Mostra del cinema di Venezia, recensione Father Mother Sister Brother
In concorso a Venezia 82, per la regia di Jim Jarmusch
Father Mother Sister Brother, con Cate Blanchett
I legami famigliari rappresentano il motore di Father Mother Sister Brother, supportato da un cast eccelso che ha saputo donare a ogni personaggio autentica profondità. La narrazione si sviluppa con dinamismo nonostante la scenografia fatta di ambienti casalinghi: un’autovettura, un appartamento, una casa con laghetto, un magazzino. Ambienti essenziali che raccontano l’esistenza di chi li ha vissuti. Famiglie geograficamente distanti eppure unite dagli stessi elementi come l’acqua, dagli stessi oggetti come un orologio, con l’immagine rallentata degli skateboard a rendere somiglianti luoghi e tempi distanti.

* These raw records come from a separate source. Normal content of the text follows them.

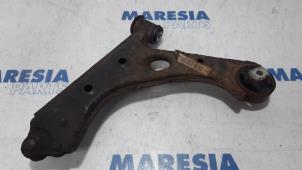 Used Front lower wishbone, right Alfa Romeo MiTo (955) 1.4 Multi Air 16V Price € 25,00 Margin scheme offered by Maresia Parts
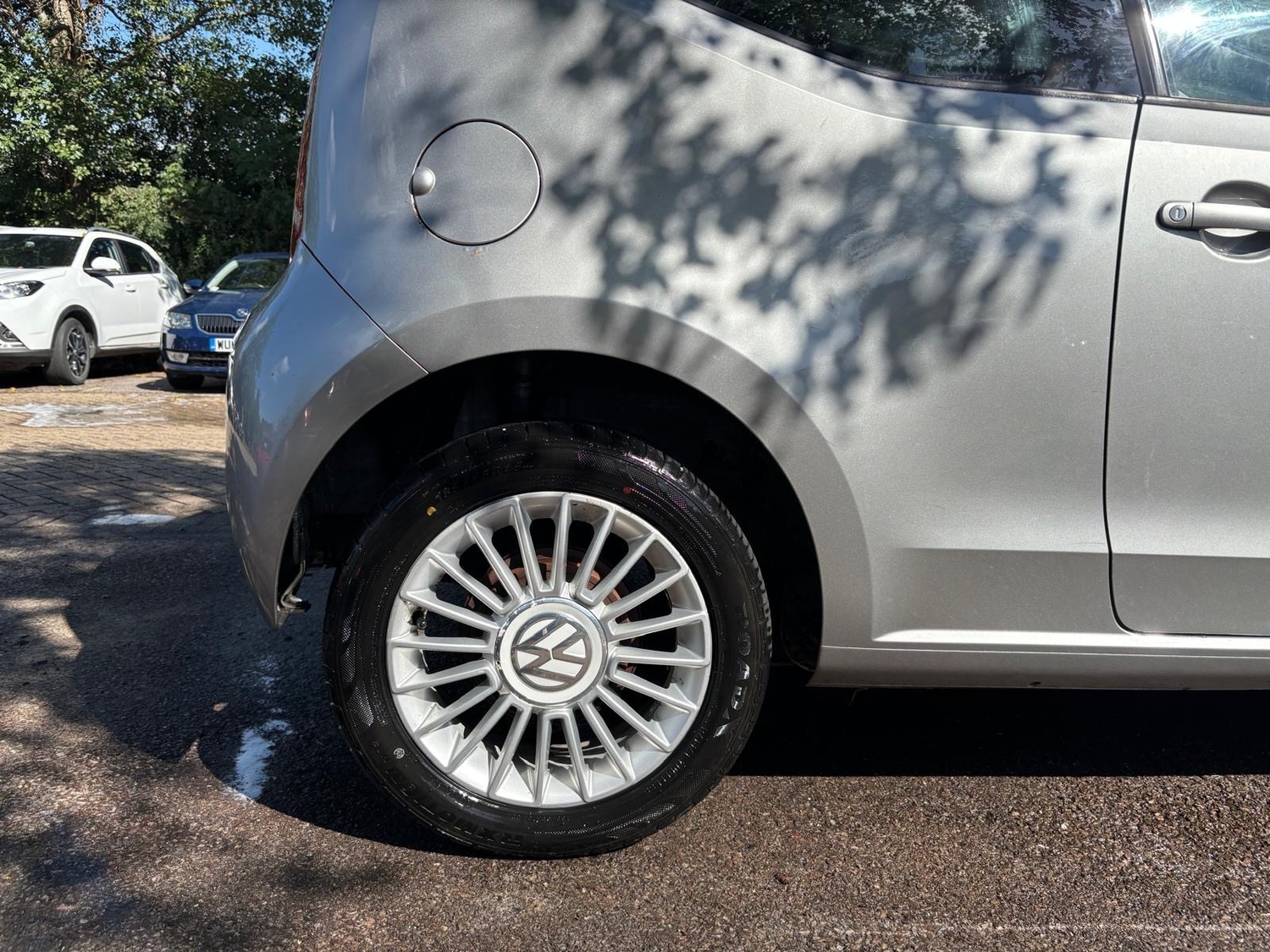 Volkswagen UP! 2014 - Cars
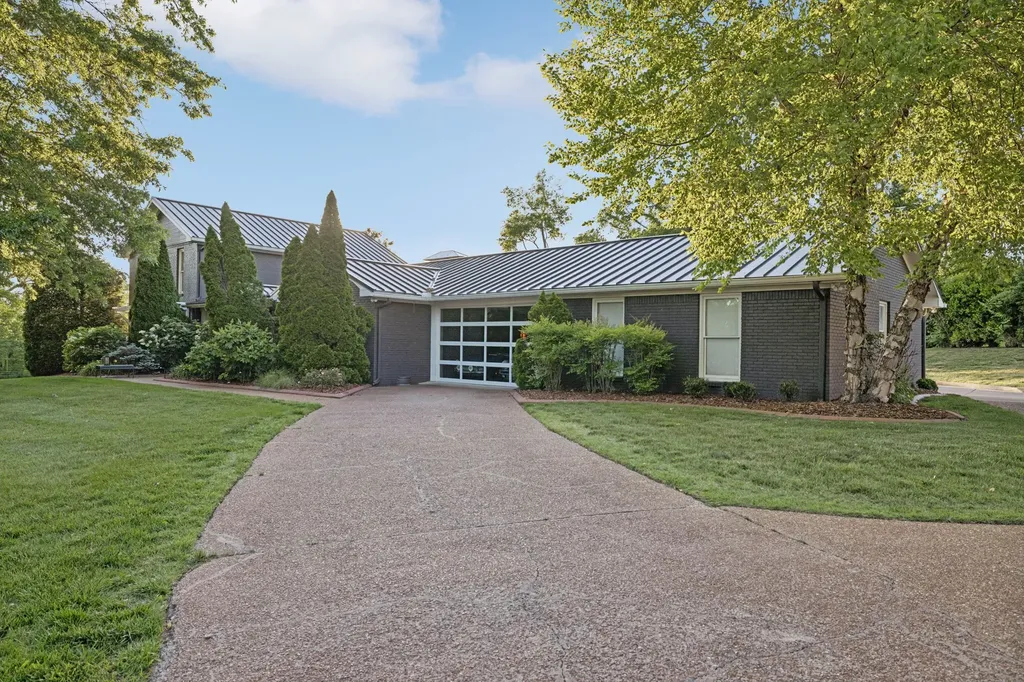 8016 Cloverland Drive Nashville TN 37211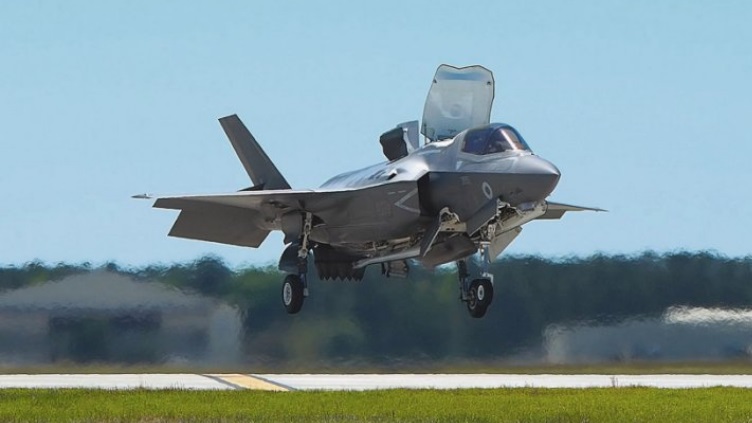 F-35B战机 图：《简氏防务周刊》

La regia di Jim Jarmusch divide in tre atti la narrazione e racconta magistralmente le tensioni, il disagio, le piccole bugie celate ai famigliari, dalle stranezze ai sotterfugi fino ai segreti più o meno ingenui. In ogni sequenza riesce a definire ciò che viene volutamente omesso dai dialoghi tra i famigliari, permette allo spettatore di percepire i loro dubbi o l’inquietudine. Una regia supportata abilmente dalla sceneggiatura, potente e mai banale, efficace e sostanziale, ma anche allusiva e mimica. La sequenza nella quale la madre, Charlotte Rampling, prende il tè con le figlie interpretate con altrettanta autenticità da Cate Blanchett e Vicky Krieps alterna momenti d’ilarità a un magnetismo elegante.
Father Mother Sister Brother racchiude poeticamente in sé quell’intricato senso della famiglia, conflittuale e al contempo essenziale, ricercato e rifuggito. Jim Jarmusch riesce nell’intento di creare un film autentico.